Q: Which concerts are best and worst?

 

a: Best are big concerts and awards ceremonies, worst are when you get there and they have been cancelled or affected by rain a lot.

 

One of the malai man's creations worn by Baowee of R Siam, a dork khiam one. It takes many hours to make these as each tiny flower has to be individualy threaded onto the malai string. They can be one of the more expensive ones to buy. Here is a smaller dork khiam in two colours, often seen on the roadside as a verge bush. This one was for Cham Cham Ram of Grammy Gold who is certainly the most fan friendly singer the writer has ever met. Some nice rings here!

 

The ultimate patron/client relationship, here the former prime minister turns up at a concert, not for the malai but to boost support among the rural poor and migrant workers from Isan who are the backbone of supporters of lukthung and morlam. In associating himself with the music on TV he attempts to do so with rural fans where his support has been weak. The usual fans were replaced for this concert with bussed in supporters.
This was rather like a posh Tory PM in the UK doing a bit of Reggae dancing at the Notting Hill carnival, while at the same time associating his policies with the achievements of the Queen of England, all rather unsophisticated from a farang point of view. It is striking that the musical preferences of the two political adversaries PAD and UDD are poles apart. I did not see any PAD gatherings where lukthung or morlam were performed and the reverse was true at red rallies. The mystery is in Thai music why it has not been used more as a political voice.

The ex-Prime Minister with singer Chaiya Mitchai at Wethithai concert.

 

Interview with new singers Norng Mara and Norng Min

 

Q: You just started out and have one single each but you already have a lot of fans, how did that happen?

a: I think this is because we work hard at being friendly to people and people seem to like the songs

Q: Do you feel a fan club is important?

a: Yes very because we feel we could not progress much with this support and they give us motivation and encouragement.

Q: Many fans say they like your manner, do you work at this consciously to make a good impression?

a: (Nong Mara) No it's my real self and I don't do anything different just to make people like me and we are glad to get the support the fans give us

Q: Do you think getting malai is important or not?

a: Very important and we appreciate it very much, applause is also important as it creates confidence.
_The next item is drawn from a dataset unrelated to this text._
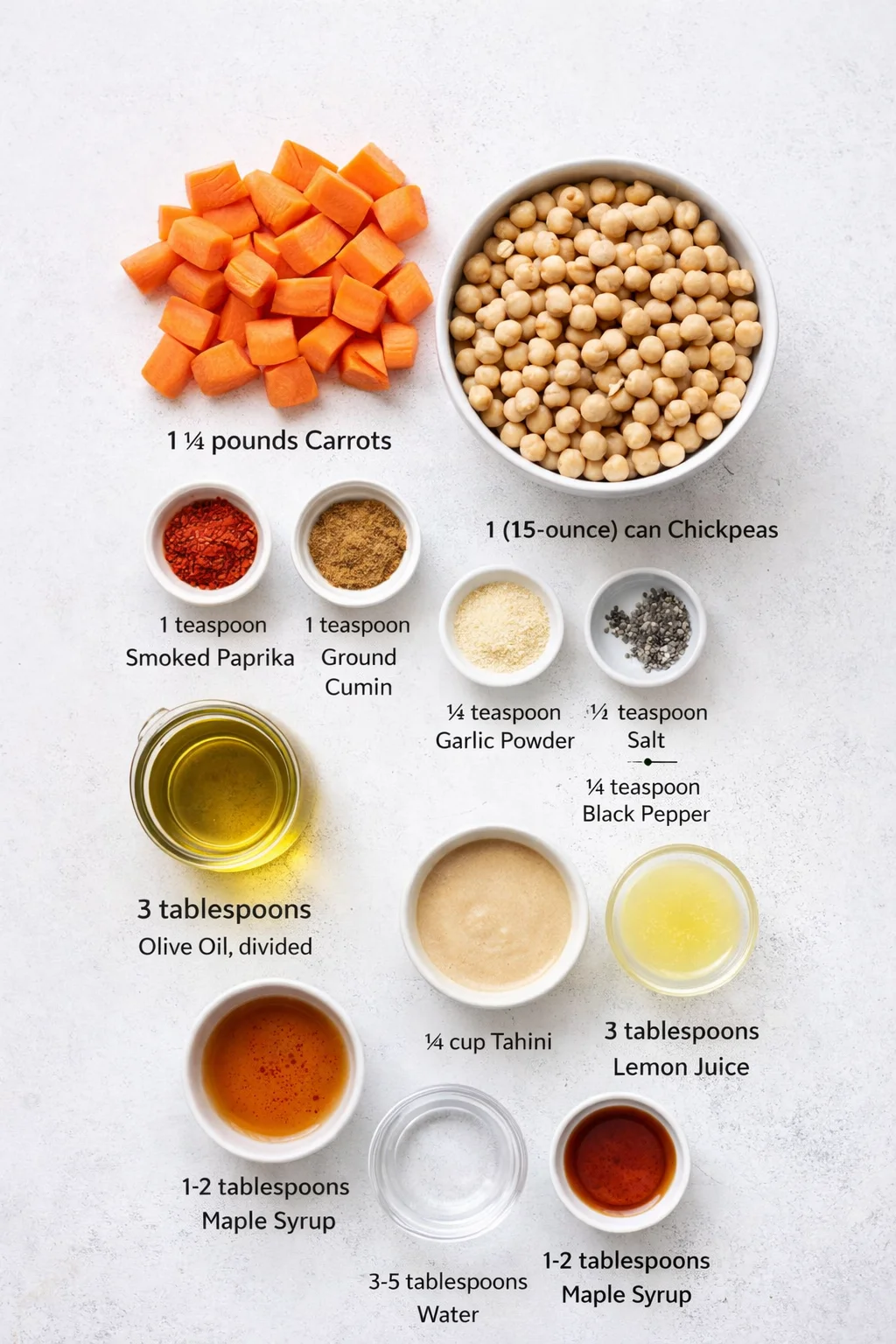 ingredients-placeholder.png Measured ingredients arranged for One-Pan Roasted Carrot and Chickpea Bowl: 1 ½ pounds (about 6-7 medium) Carrots, peeled and cut into 1-inch pieces, 1 (15-ounce) can Chickpeas, rinsed, drained, and thoroughly dried, 3 t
Q: How have you promoted your songs?

a: We have been to many radio stations up country who interview us then play our songs. Also we have them on youtube and facebook. Facebook has led to bookings and charity appearances so that has been helpful.

Q: What is your goal for the future?

a: Just to do our best, to be a success and for people to know us and like our work and we hope people will listen and support us.